======== Records for the exercise ========

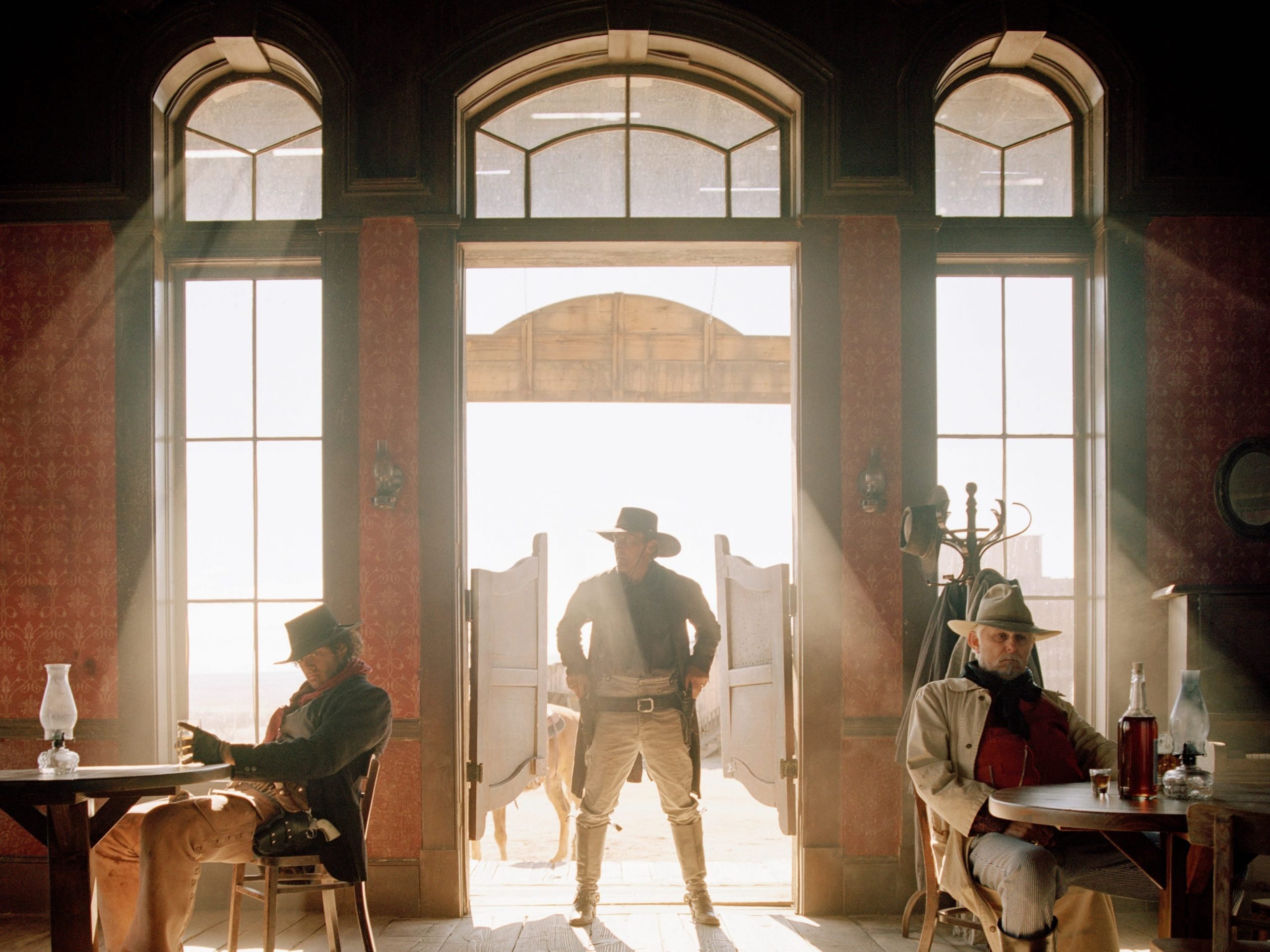 wild west imagery with a cowboy entering a saloon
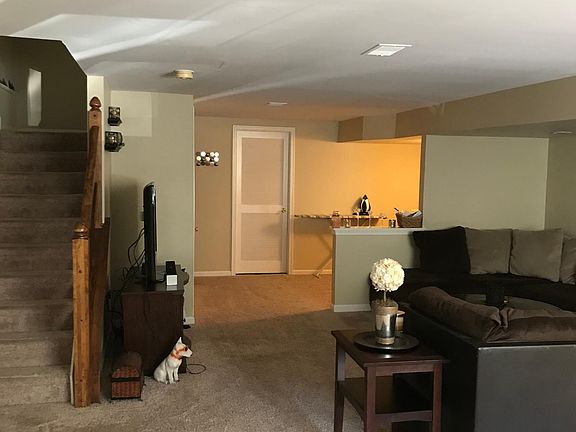 Downstairs finished family room as you enter through the front door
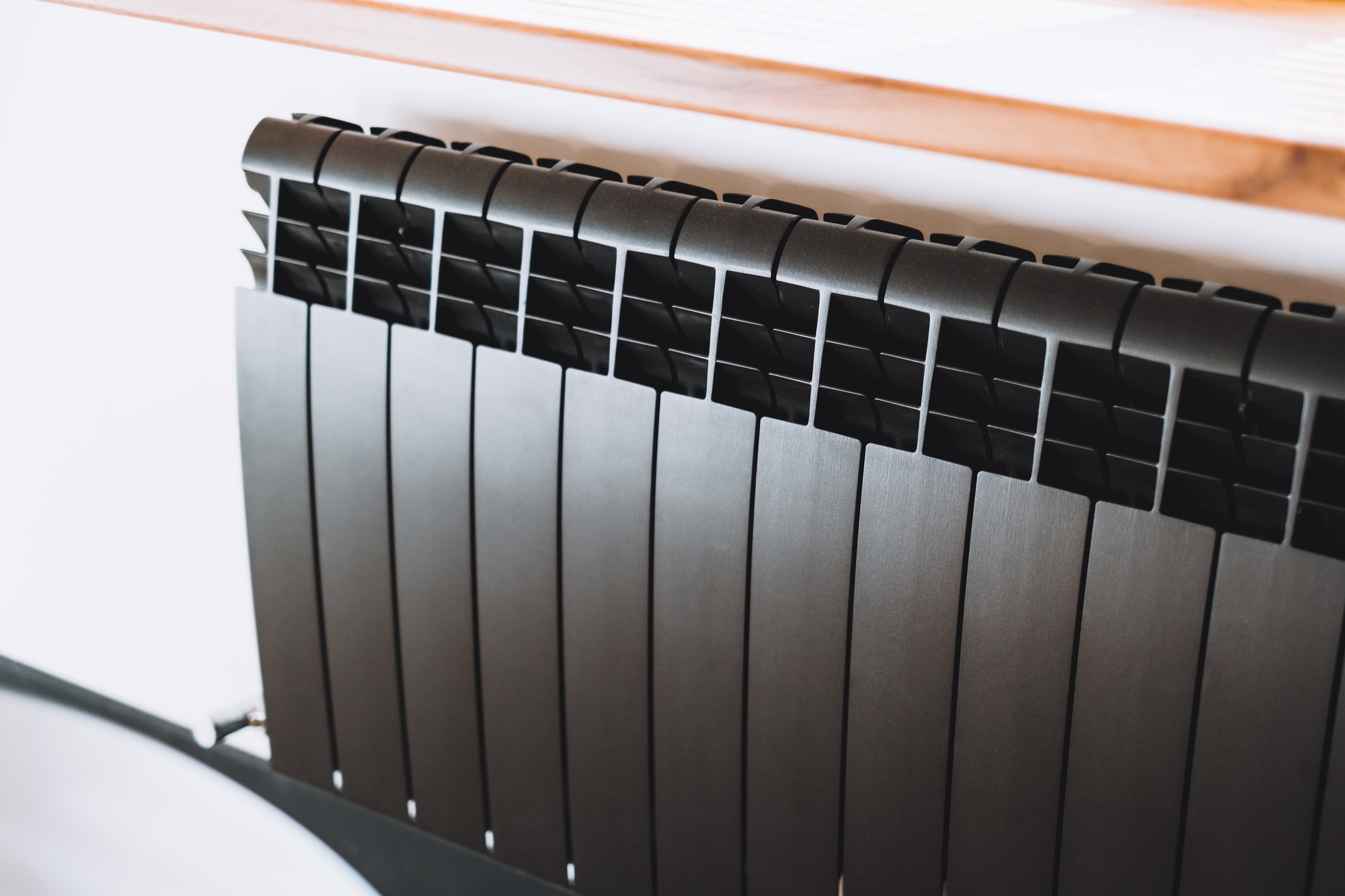 Black aluminum alloy metal heating radiator for home.
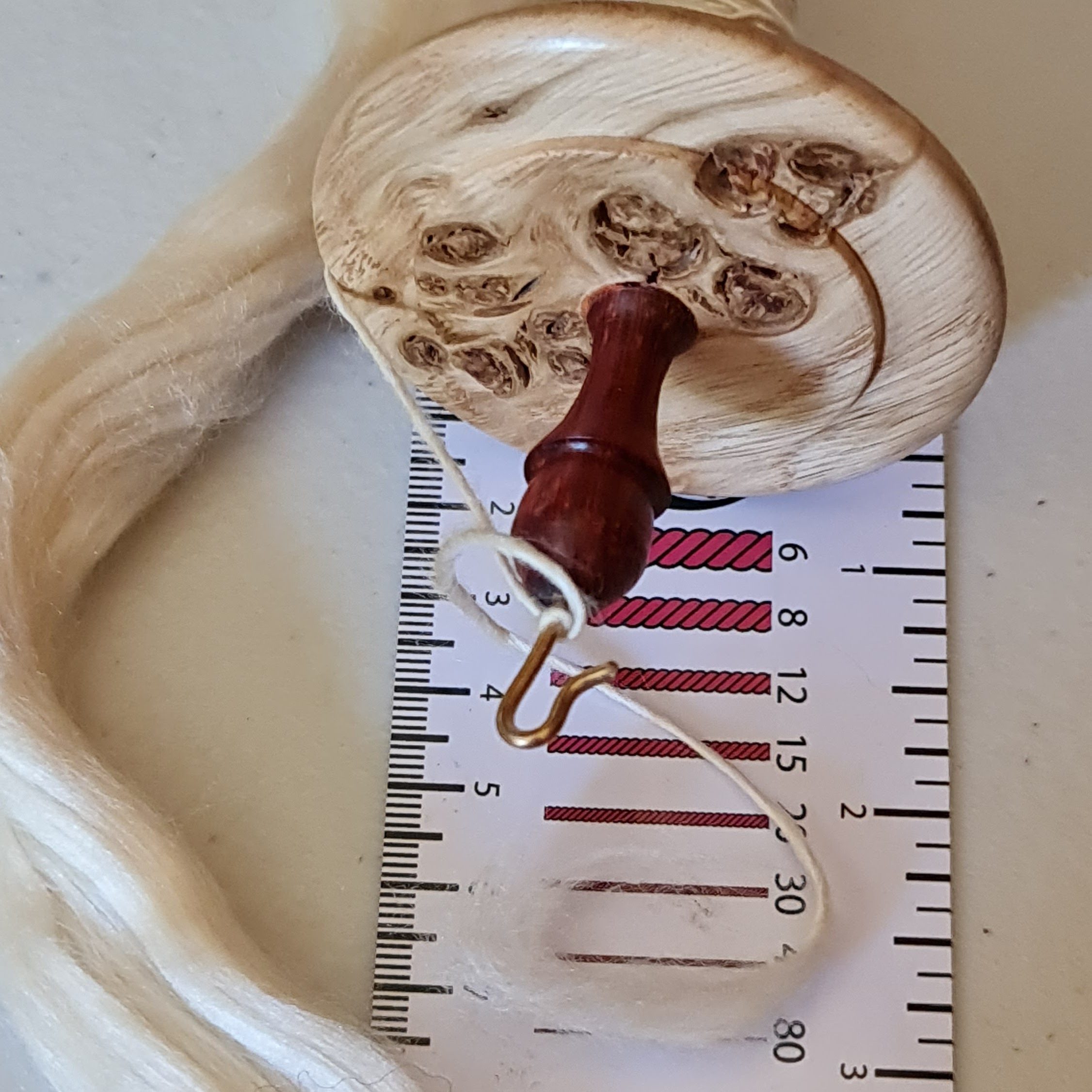 An oak burr spindle with a taupe Seacell single on it, resting on an Electric Eel Yarn Counter card, with some of the unspun fibre in the background. The single is roughly 20 wraps per inch, or about fingering weight.
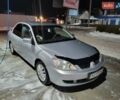 Сірий Міцубісі Lancer, об'ємом двигуна 1.58 л та пробігом 395 тис. км за 3700 $, фото 1 на Automoto.ua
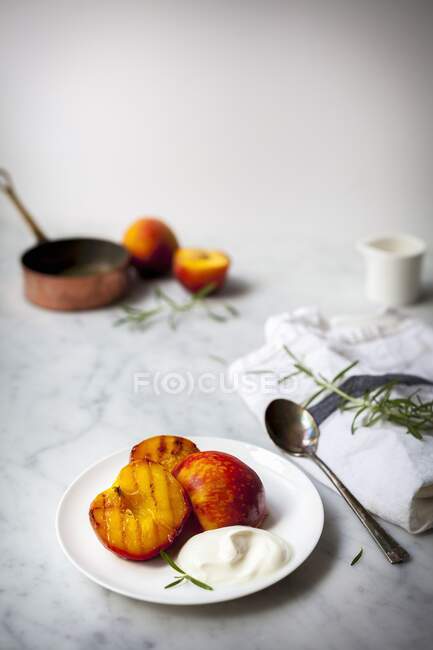 Персики на гриле с йогуртом и розмарином, здоровый десерт — стоковое фото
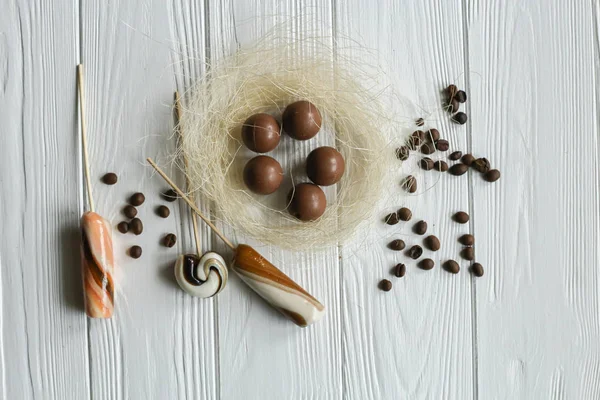 Conjunto de granos de café y dulces de chocolate. Fondo de madera blanca. Espacio para texto — Foto de Stock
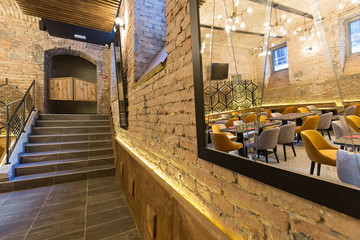 Fototapeta na wymiar Stairs in modern restaurant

========

_Requirement_: The response should consist of the entries above, given again exactly and free of pictures.

_Your response_:
 wild west imagery with a cowboy entering a saloon
 Downstairs finished family room as you enter through the front door
 Black aluminum alloy metal heating radiator for home.
 An oak burr spindle with a taupe Seacell single on it, resting on an Electric Eel Yarn Counter card, with some of the unspun fibre in the background. The single is roughly 20 wraps per inch, or about fingering weight.
 Сірий Міцубісі Lancer, об'ємом двигуна 1.58 л та пробігом 395 тис. км за 3700 $, фото 1 на Automoto.ua
 Персики на гриле с йогуртом и розмарином, здоровый десерт — стоковое фото
 Conjunto de granos de café y dulces de chocolate. Fondo de madera blanca. Espacio para texto — Foto de Stock
 Fototapeta na wymiar Stairs in modern restaurant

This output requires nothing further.